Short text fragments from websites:
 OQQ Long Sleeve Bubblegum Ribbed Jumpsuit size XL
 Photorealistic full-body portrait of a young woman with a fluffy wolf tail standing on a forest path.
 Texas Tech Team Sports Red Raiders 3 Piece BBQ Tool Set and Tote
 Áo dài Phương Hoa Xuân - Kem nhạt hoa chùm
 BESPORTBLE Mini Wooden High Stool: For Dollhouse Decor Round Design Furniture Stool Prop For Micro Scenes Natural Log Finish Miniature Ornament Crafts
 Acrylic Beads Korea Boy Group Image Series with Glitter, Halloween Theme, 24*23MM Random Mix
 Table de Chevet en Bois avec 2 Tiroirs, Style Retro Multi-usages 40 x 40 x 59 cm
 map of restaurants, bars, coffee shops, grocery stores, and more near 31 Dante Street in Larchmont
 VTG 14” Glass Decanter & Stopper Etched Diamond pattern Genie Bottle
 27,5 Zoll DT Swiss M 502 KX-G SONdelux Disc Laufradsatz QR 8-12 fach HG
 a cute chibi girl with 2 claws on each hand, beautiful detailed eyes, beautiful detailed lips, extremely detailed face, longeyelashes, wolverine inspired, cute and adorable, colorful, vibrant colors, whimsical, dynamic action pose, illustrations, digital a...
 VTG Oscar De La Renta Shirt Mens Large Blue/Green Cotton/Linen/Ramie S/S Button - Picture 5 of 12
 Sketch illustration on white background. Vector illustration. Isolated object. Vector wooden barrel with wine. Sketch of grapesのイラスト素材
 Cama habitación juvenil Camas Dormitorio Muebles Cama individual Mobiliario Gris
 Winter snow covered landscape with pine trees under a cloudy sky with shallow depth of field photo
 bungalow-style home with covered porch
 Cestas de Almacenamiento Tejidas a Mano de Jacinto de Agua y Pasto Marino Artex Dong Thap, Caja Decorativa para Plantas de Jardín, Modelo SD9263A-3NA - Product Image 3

TASK GOAL
Reproduce exactly the lines above from the line with "Etched Diamond pattern Genie Bottle" to the line with "a cute chibi", including both, and add nothing.

TASK RESPONSE
 VTG 14” Glass Decanter & Stopper Etched Diamond pattern Genie Bottle
 27,5 Zoll DT Swiss M 502 KX-G SONdelux Disc Laufradsatz QR 8-12 fach HG
 a cute chibi girl with 2 claws on each hand, beautiful detailed eyes, beautiful detailed lips, extremely detailed face, longeyelashes, wolverine inspired, cute and adorable, colorful, vibrant colors, whimsical, dynamic action pose, illustrations, digital a...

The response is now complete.